The next step in the research direction is to collect more precise data about player interaction. One way to do this would be to collect data about which players actually took the field together for every game played. An even more precise process would gather data about which players took the field in each inning of each game. At some point, however, it is unlikely that more precision in this data collection process would improve results. That is, it is unlikely that a player would be able to improve their performance much more by having played one more inning with a particular set of players. Another step in the future of this research would be to calculate correlation between a player’s performance and the various different coaches for whom they played. One could also extend this research direction to
determining the correlation between a player’s connectedness and their team’s performance. Finally, the “Holy Grail” of this research direction would be to calculate the correlation between a player’s connectedness and their performance over time. If such a correlation were found, it would then be possible to predict the future performance of a player based on their current level of connectedness. This knowledge would be of incredible value to those in management trying to select players.

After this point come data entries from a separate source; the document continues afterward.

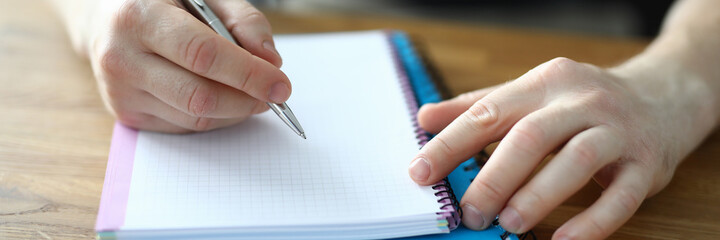 Male hands make notes in a notebook close up. Student guy holds a pen over a diary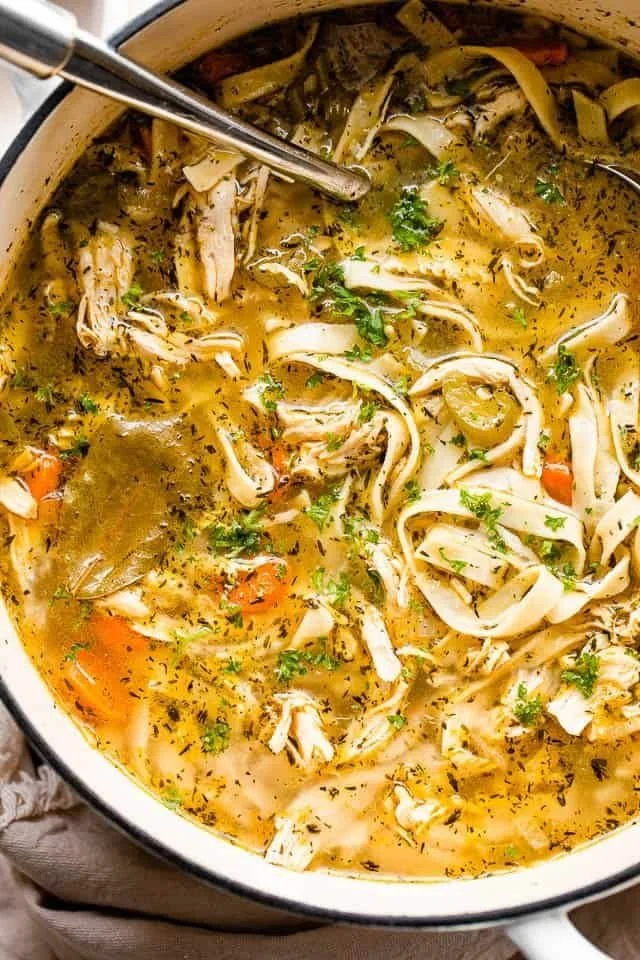 A bowl of homemade chicken noodle soup, perfect for winter comfort.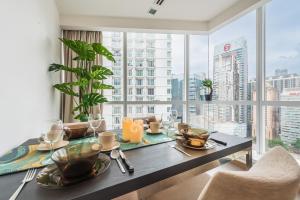 a dining room with a table and a large window at 2BR Tourists-Friendly Oasis - Heart of the City KL by Verano in Kuala Lumpur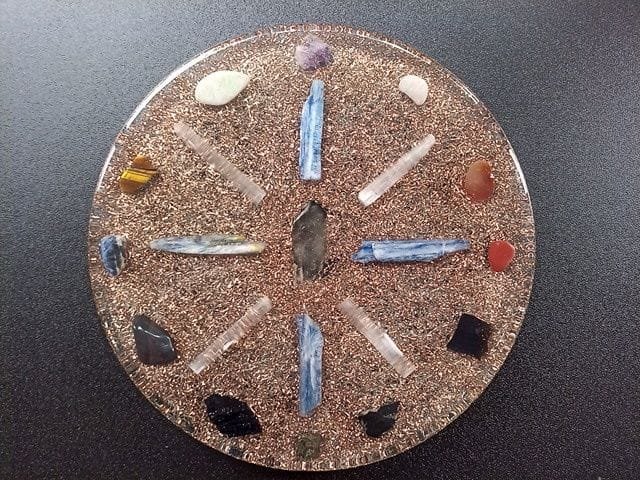 Clear orgone plate with copper underneath the crystals on a black table.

DR. PAUL BECKMAN is Professor of Information Systems at San Francisco State University. He has been doing social network analysis (SNA) research since the late 1990s and promotes the use of SNA in evaluating human performance.

JENNIFER SHEN HSIN CHI is a 2010 M.B.A. graduate from San Francisco State University with an emphasis in Information Systems. She has worked with Professor Paul Beckman on her M.B.A. thesis regarding social network analysis (SNA). She is currently working as a Product Specialist for Hewlett-Packard.